Your task |
Write out again, word for word, the lines below from the line that holds "Cedar Waxwing Mouse Pad (Front)" through the line that holds "Tree birds in the Marquenterre", omitting pictures.

Data |
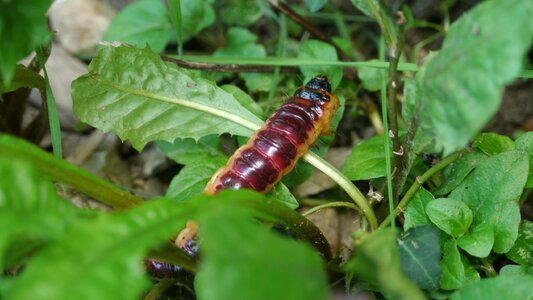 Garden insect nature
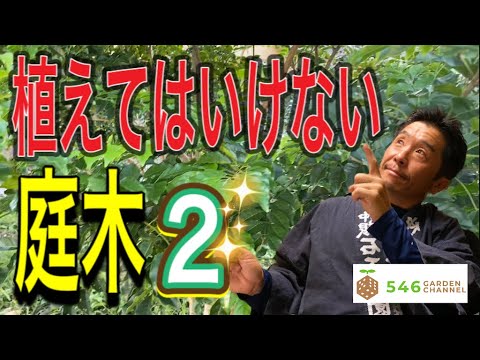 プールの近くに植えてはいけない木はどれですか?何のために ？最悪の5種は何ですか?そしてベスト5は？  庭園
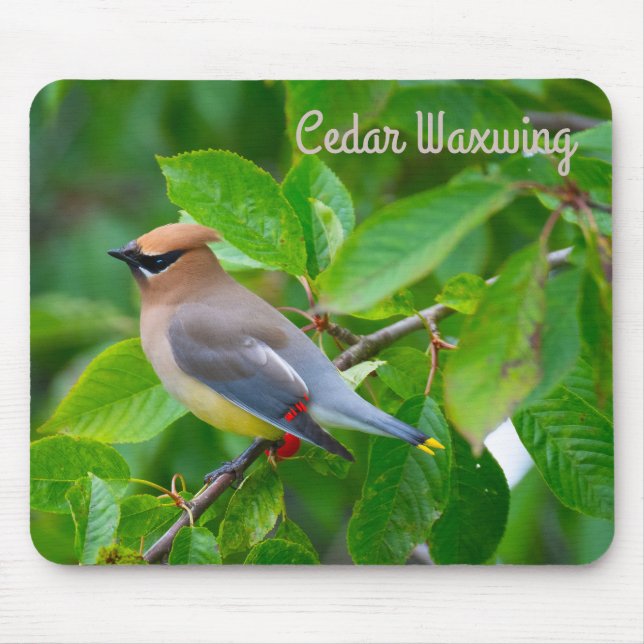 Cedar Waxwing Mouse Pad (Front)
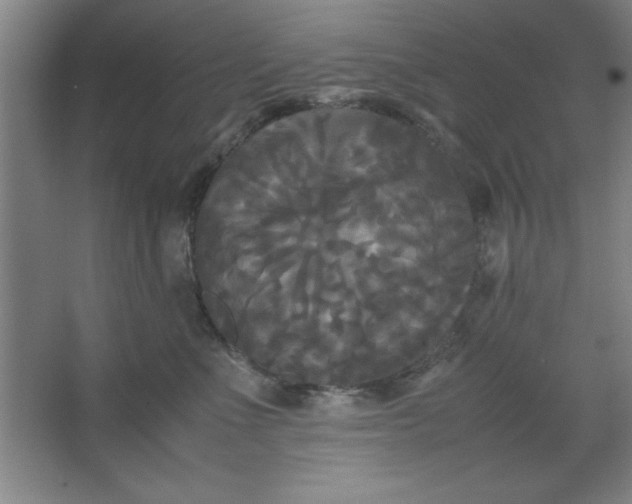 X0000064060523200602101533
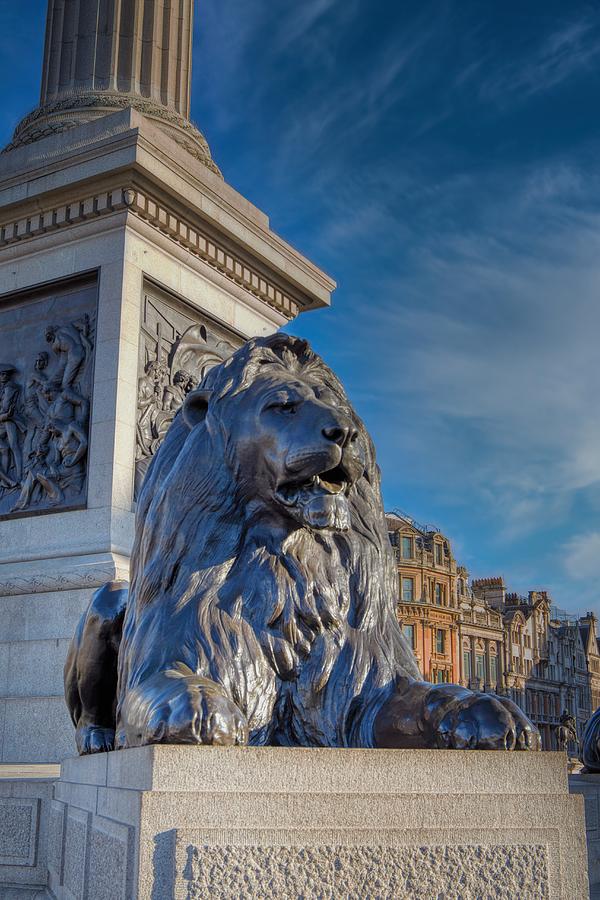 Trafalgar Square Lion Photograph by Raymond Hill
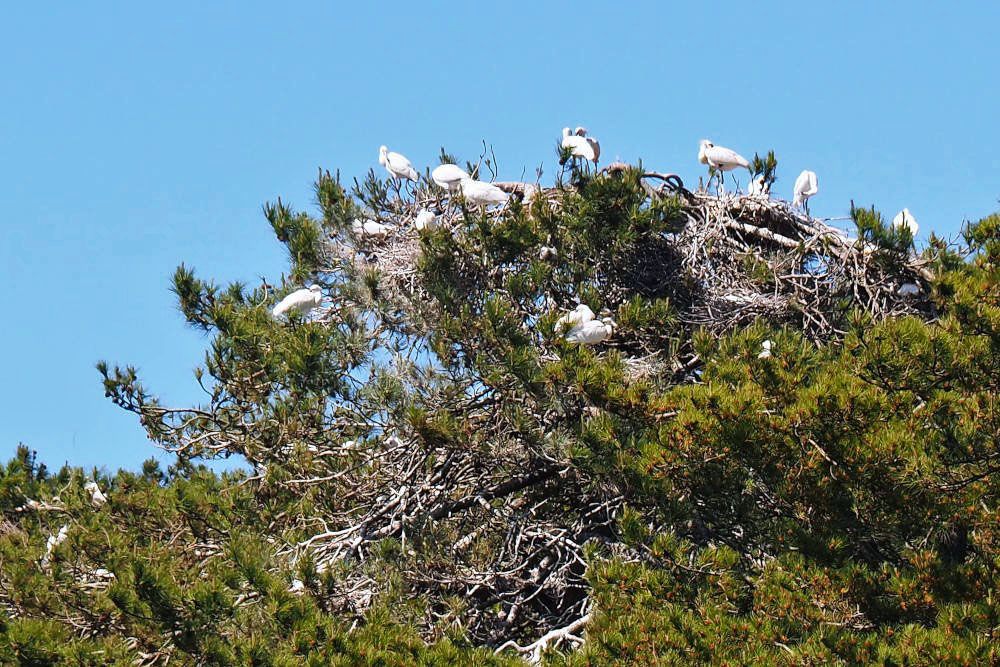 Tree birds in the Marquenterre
* * *
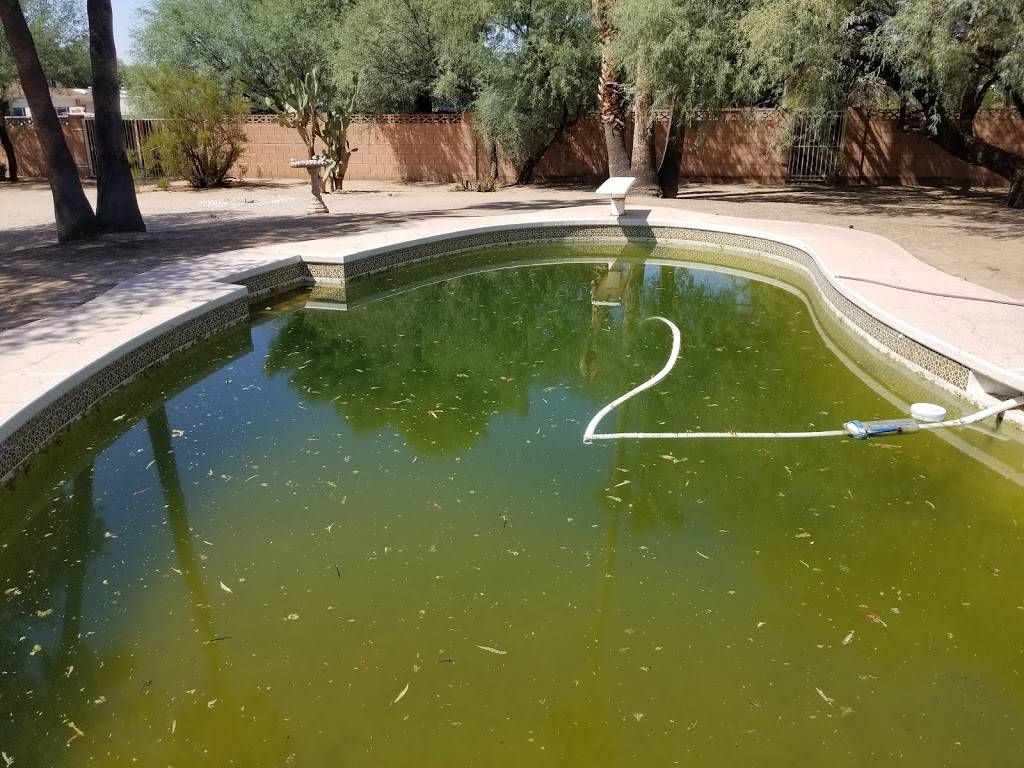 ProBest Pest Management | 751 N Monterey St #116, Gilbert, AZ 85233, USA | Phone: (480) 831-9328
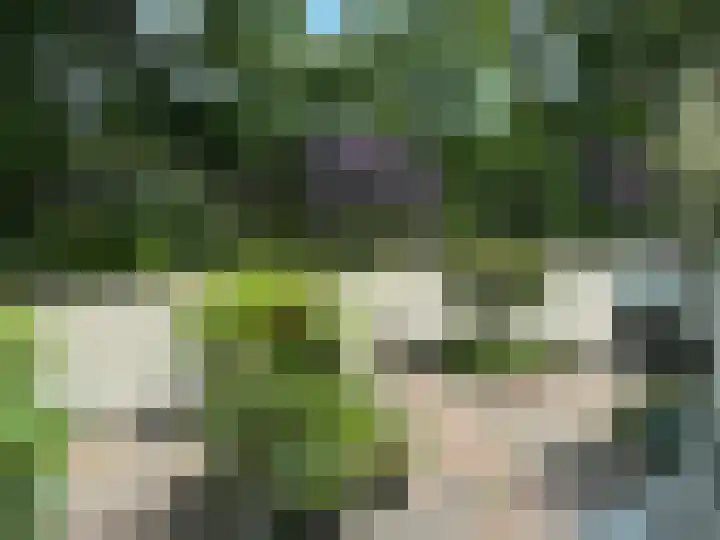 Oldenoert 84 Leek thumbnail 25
...
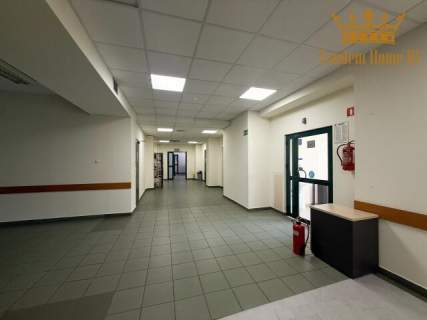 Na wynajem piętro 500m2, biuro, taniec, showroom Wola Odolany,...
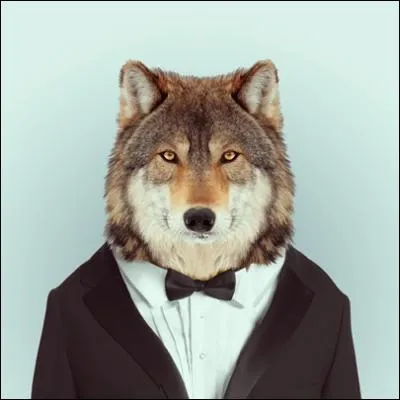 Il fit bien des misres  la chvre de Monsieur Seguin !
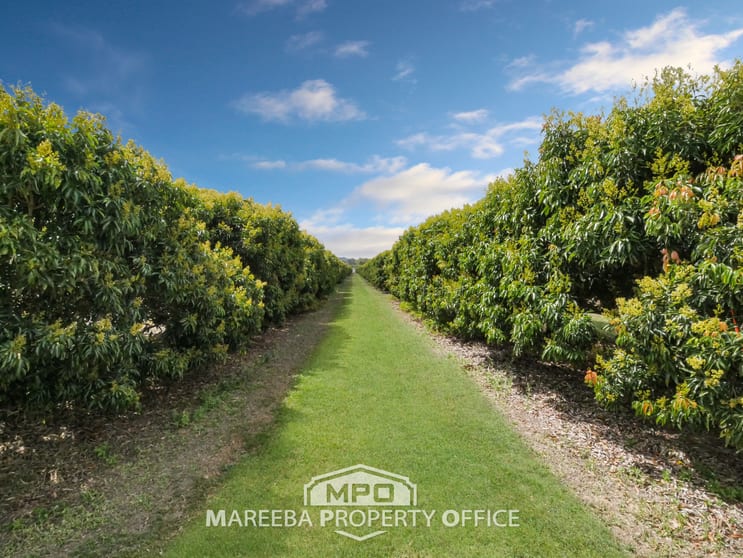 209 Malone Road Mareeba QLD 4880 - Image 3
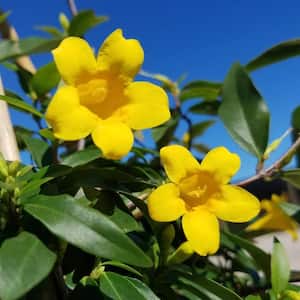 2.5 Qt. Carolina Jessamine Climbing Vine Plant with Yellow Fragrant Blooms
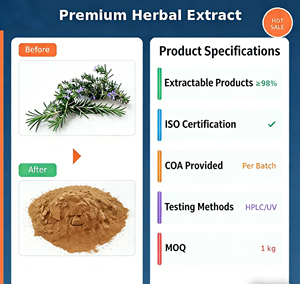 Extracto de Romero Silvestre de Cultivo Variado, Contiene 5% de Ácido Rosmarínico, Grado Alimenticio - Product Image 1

Result for this exercise |
 Cedar Waxwing Mouse Pad (Front)
 X0000064060523200602101533
 Trafalgar Square Lion Photograph by Raymond Hill
 Tree birds in the Marquenterre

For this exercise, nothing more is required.